There are several ways encoding a relative relocation. In terms of space efficiency, I think the sorted order is:

  • ELF REL/RELA (most 64-bit architectures unfortunately use RELA for dynamic relocations)
  • PE/COFF .reloc, 16-bit for one entry
  • Mach-O __LINKEDIT,__rebase, using bytecode
  • ELF RELR

RELR is the most efficient one. I have notified some distributions to adopt RELR when they upgrade to glibc 2.36 (scheduled on 2022-08-01): https://maskray.me/blog/2021-10-31-relative-relocations-and-relr "When will Linux distributions adopt RELR?"

If page-in technique makes a significant difference on Linux, we can let rtld communicate the (DT_RELR, DT_RELRSZ) information to the kernel. It seems that bothe userspace and the kernel may need to parse RELR.

MaskRay avatar Jul 14 '22 05:07 MaskRay

The kernel page-in technique is indeed interesting.

There are several ways encoding a relative relocation. In terms of space efficiency, I think the sorted order is:

* ELF REL/RELA (most 64-bit architectures unfortunately use RELA for dynamic relocations)

* PE/COFF `.reloc`, 16-bit for one entry

* Mach-O `__LINKEDIT,__rebase`, using bytecode

Hmm, did you actually mean the rebase opcodes REBASE_OPCODE_* encoded within a blob pointed to at by __DYLD_INFO_ONLY load command? AFAIK Apple is now abandoning this approach in favour of fixup chains with its latest ld64 on arm64. I haven't analysed what it actually looks like after parsing, but I believe the claim was that it's meant to be even more space-efficient compared to storing REBASE_OPCODE_* opcodes (as it's relative offset-based much like GOT entries which are now offsets and not pointers).
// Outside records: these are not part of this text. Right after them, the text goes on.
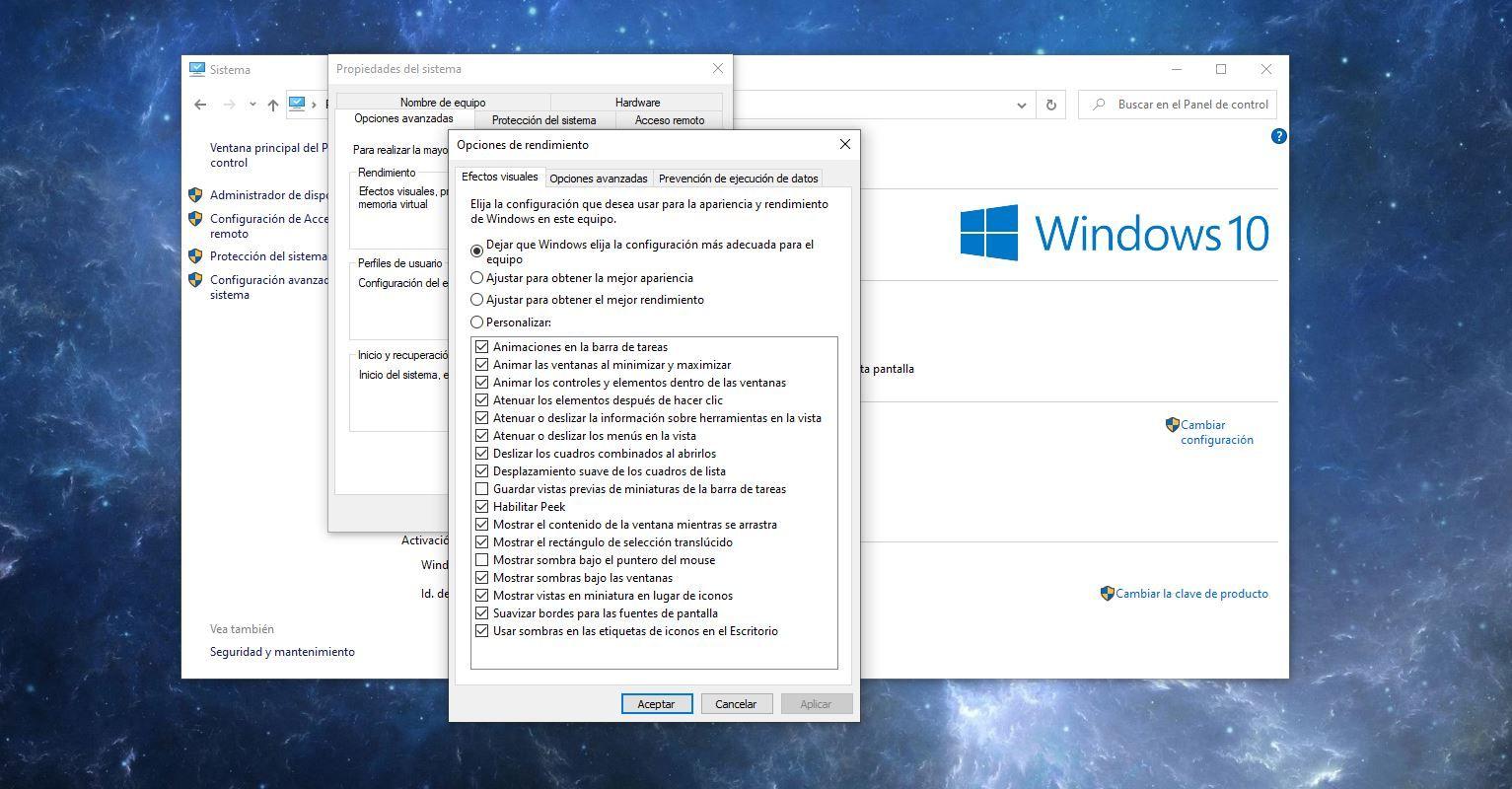 Administrador de tareas en Windows 11
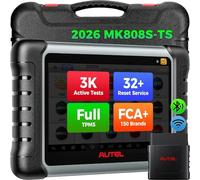 Autel MaxiCOM MK808S-TS OBD2 Diagnosis Coche Escáner Bidireccional
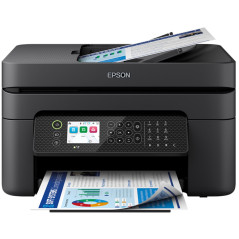Multifunción inyección epson workforce wf - 2950dwf color wifi duplex 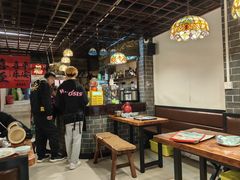 -老街坊餐吧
For example, we can observe this load command used in output produced by ld64 on arm64 Macs:

Load command 5
      cmd LC_DYLD_CHAINED_FIXUPS
  cmdsize 16
  dataoff 84918272
 datasize 173960

kubkon avatar Jul 14 '22 09:07 kubkon

Just found some more documentation around the topic of relocation by the Chromium team.

https://chromium.googlesource.com/chromium/src/+/master/docs/native_relocations.md#Linux-Android-Relocations-ELF-Format

Quoting the numbers, the dirty page size coming from relocations is around 6MB and startup impact is about 20ms.
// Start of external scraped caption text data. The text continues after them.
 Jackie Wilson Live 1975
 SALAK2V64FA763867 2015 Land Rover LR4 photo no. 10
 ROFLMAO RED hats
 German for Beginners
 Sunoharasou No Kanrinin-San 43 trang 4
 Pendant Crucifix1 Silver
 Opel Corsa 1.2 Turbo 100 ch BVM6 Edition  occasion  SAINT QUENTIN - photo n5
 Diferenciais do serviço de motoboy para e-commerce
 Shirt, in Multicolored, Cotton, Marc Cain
ishitatsuyuki avatar Jul 15 '22 03:07 ishitatsuyuki

Thanks for the link. That's very interesting. I believe Android is one of the best platforms to implement the page-in linking for various reasons:

  1. It's Linux-based but Google controls it, so it can (reasonably) freely improve the loader and the kernel,
  2. it's often memory-constrained, and
  3. I'm pretty sure that Apple will land the page-in linking in the next version of iOS because they did it to macOS already, and to complete with that Google has an incentive to do the same

I'm no longer working for Google and I've never worked for the Android team, though. But if they want to implement it, I'm happy to join a discussion.
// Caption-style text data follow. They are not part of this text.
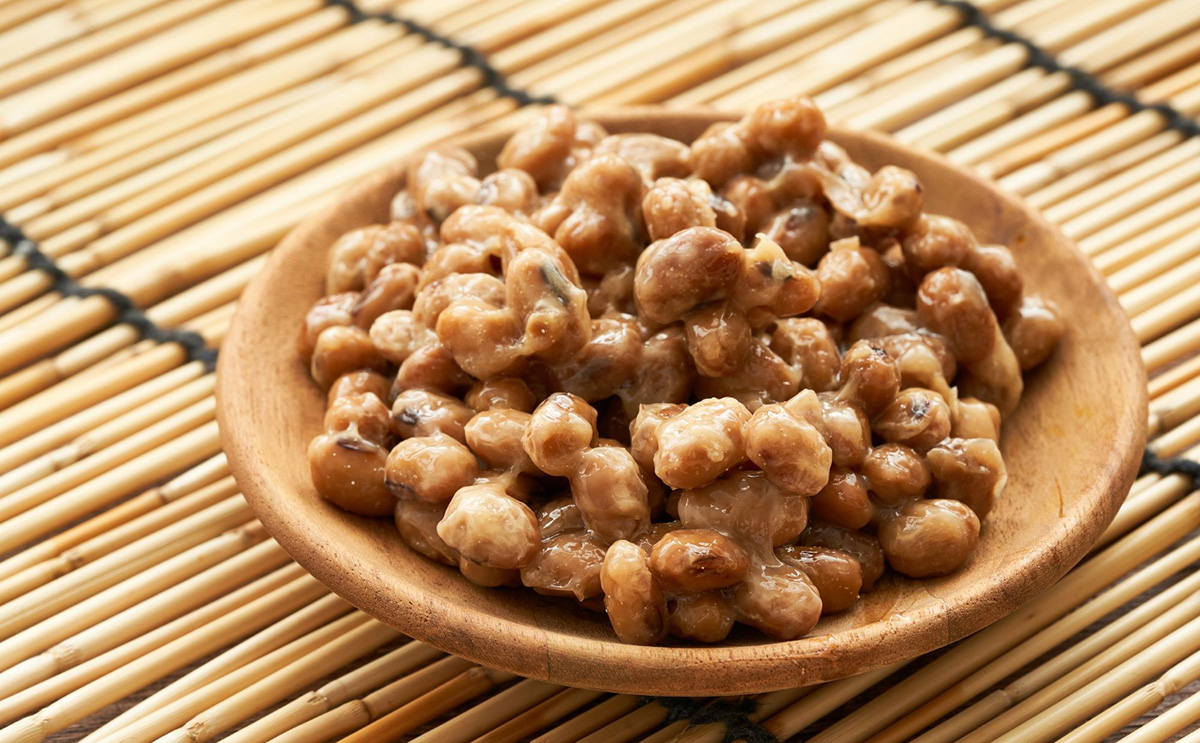Nattochinasi fagioli di soia Nattochinasi fagioli di soia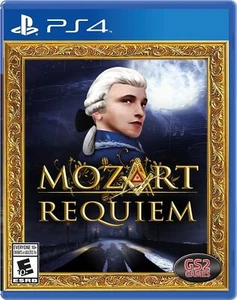 MOZART REQUIEM PS4 GAME - Picture 1 of 7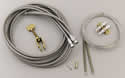 Lokar EC80JAGHT - Lokar Floor Mount Emergency Brake Cables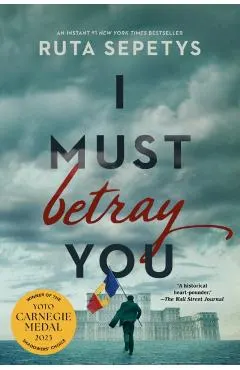 I Must Betray You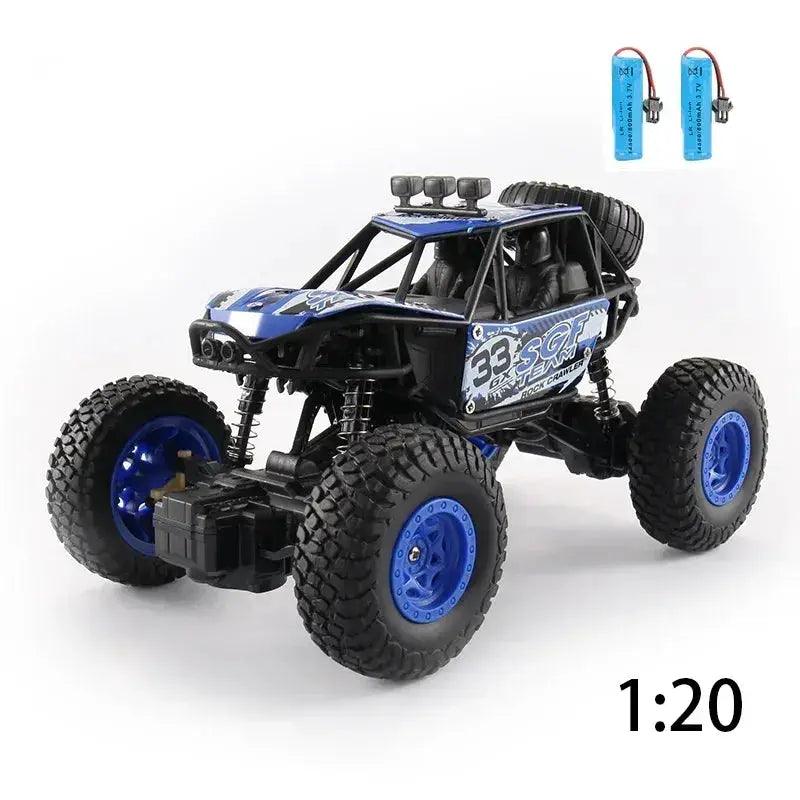  Remote Control Off Road Car For Kids With Climbing -  ToylandEU™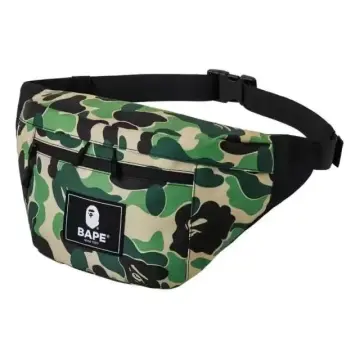 Bape Waist Bag Best Price in Singapore Feb 2024 Lazada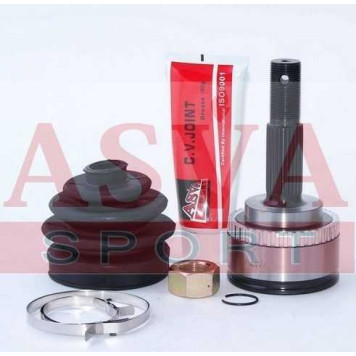 Шрус наружний 22x55x25 (ALMERA N16 GG15DE EURO) [12] <b>ASVA NSN16A42</b>-3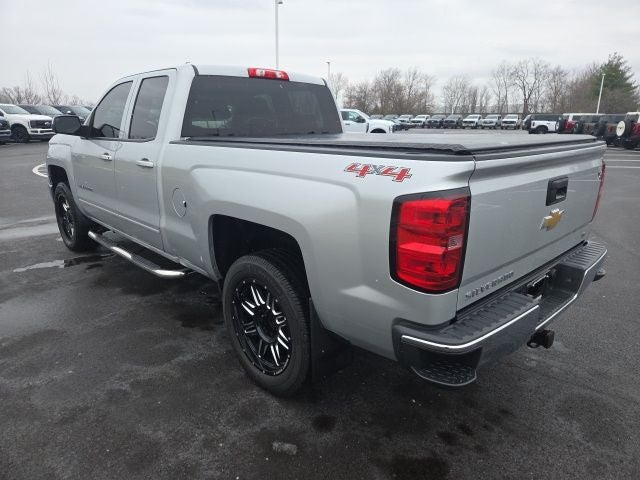 2015 Chevrolet Silverado 1500 LT LT1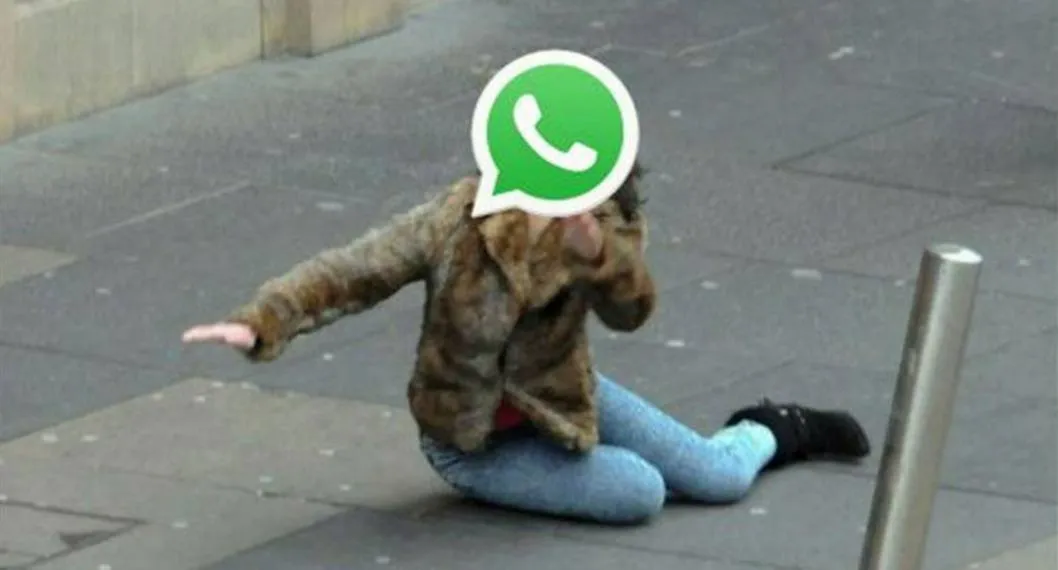 WhatsApp Web se cayó en Colombia y otros países y dicen qué habría causado la falla.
rui314 avatar Jul 15 '22 04:07 rui314

The above points also apply to ChromeOS as it's controlled by a single company and often runs on memory-constrained machines.

rui314 avatar Jul 15 '22 09:07 rui314

I believe you're looking for userfaultfd (https://man7.org/linux/man-pages/man2/userfaultfd.2.html). It's already upstream and used for VM and container migrations.

pkhuong avatar Jul 19 '22 03:07 pkhuong

userfaultfd wouldn't work because application developers have to be aware that there's a thread that handles page faults. That's not compatible with many applications. For example, if you call fork(2), the background thread will disappear.

rui314 avatar Jul 19 '22 04:07 rui314

I was doing some random browser stack digging which led me to revisit this.

Quoting the Chromium docs again, they have a thing called Zygote which is basically a process template that gets fork()ed when a new process is needed (Chromium launches tons of process for site isolation). Firefox has also implemented this in the name of "fork server" (arguably a better name).

An approach like Windows' is certainly powerful, since it automatically enables sharing for all processes in the system. On the other hand, it obviously has a bar to adoption (for Linux), and Zygote wins on this end for fitting better into the current POSIX model.

(Off-topic: Given the extensive executable code sharing used in Chromium, #466 is probably something interesting to try.)

ishitatsuyuki avatar Dec 06 '22 16:12 ishitatsuyuki

Maybe we can just use musl?

Bit late to the party on this issue, but there is also mlibc which has a dynamic linker written in (vaguely) modern C++ and slightly more featureful than musl's. Could be a better starting point.

64 avatar Dec 31 '22 19:12 64

Quoting the Chromium docs again, they have a thing called Zygote which is basically a process template that gets fork()ed when a new process is needed (Chromium launches tons of process for site isolation). Firefox has also implemented this in the name of "fork server" (arguably a better name).

Zygote is also used for sandboxing apps on Android.

leap0x7b avatar Apr 01 '23 07:04 leap0x7b